24.  THE UK'S IMAGE DAMAGED BY MEDIA POLICY AT SUMMITS

  In a rare display of media shyness, UK government ministers have for some years refused to give press conferences when attending the regular quarterly European Union summits, usually held in Brussels. For some years they were the only national delegation to act in that way. Tony Blair began the practice, instead, of making short "doorstep"-style appearances at the VIP entrance, where leading British media representatives would gather by arrangement in a small group, excluding most other journalists covering the summits. This custom seems to have begun in about 2001 as a way for the prime minister to avoid the risk of persistent questioning by British political correspondents on awkward domestic issues in a venue where the PM wanted to stick to current business, or at least to European issues.

  25.  This practice is much resented by journalists from other parts of Europe and it appears after some years to be damaging to the image of Britain in indirect but perhaps important ways. Another sign of the UK government's lack of proper concern for its wider press responsibilities is the troublesome and long-drawn-out system of handling the accreditation of foreign correspondents who settle in London. I have been told by individual correspondents, such as a national TV correspondent of a fellow-EU state, of his annoyance at being humiliated by the unnecessarily curt and thoughtless treatment of UK officials.

  It goes without saying that British media workers would regard such behaviour as quite unacceptable if meted out to them in a foreign country. However, I welcome the commitment of the Foreign Office to revive and refurbish the Foreign Press Association as a worthy venue for a range of press events in London.

26.  CONCLUSIONS

  Government leaders and ministers need to take active responsibility for effecting a major opening up of government to achieve a more open provision of information to the media as a whole. Press conferences should be made open to all bona fide journalists, within the limits of space. They should be televised on the Internet and made available as recordings as a matter of course. The prime minister and cabinet themselves set the tone for government communication and relations with the media.
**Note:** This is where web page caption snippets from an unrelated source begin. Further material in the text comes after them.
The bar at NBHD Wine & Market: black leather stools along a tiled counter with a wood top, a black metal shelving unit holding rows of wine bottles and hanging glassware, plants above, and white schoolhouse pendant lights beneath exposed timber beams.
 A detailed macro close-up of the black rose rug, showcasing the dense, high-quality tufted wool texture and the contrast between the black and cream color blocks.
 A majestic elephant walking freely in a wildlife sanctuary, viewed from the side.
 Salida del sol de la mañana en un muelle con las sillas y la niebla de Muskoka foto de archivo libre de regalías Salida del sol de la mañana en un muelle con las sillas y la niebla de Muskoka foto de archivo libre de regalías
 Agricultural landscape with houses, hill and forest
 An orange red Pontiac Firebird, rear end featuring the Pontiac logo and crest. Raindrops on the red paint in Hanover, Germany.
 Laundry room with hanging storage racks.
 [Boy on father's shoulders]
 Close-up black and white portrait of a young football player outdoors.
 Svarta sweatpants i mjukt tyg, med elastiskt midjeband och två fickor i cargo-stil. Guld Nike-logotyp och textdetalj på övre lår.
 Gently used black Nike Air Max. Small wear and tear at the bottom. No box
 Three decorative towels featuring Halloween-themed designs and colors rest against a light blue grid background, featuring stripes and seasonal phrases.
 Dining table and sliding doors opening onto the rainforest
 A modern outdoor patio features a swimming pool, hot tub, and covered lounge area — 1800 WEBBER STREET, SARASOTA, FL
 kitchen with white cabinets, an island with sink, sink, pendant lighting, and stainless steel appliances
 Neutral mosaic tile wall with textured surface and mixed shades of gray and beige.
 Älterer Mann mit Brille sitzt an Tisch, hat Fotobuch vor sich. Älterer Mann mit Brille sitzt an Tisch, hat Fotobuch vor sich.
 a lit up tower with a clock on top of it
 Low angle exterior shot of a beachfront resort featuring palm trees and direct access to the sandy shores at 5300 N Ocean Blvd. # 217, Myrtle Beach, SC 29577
  27.  Martyn Bond, a member of the AEJ and deputy director of the London Press Club, adds this recommendation: "The Phillis Report stresses the need for two-way traffic between journalists and the government's press operations to overcome the assumptions of "them and us". I would urge the adoption of the Phillis recommendation of short-term contracts for professionals who could work in government communications for a time as part of a career which would continue outside the civil service. This could involve an extensive scheme of internships at an early stage of journalists' and civil servants' careers.

  28.  "Further, formal training courses for civil servants and media employees should include comprehensive information about the other, including emphasis on the importance of mutual understanding, both for efficient government and for the media to fulfill its role of accurately informing the public. In particular, more training would be helpful to ensure journalists' clear knowledge of relevant parts of the law."

  29.  Britain is fortunate in having robust and diverse national media. The open questioning of those in power, especially as carried out among others by respected national institutions like the BBC and leading newspapers, is essential to Britain's democratic life. But the country's laws governing the media have grown unreasonably restrictive and should be reviewed in order for a more open regime of government communications to work. A cultural revolution in favour of openness is overdue.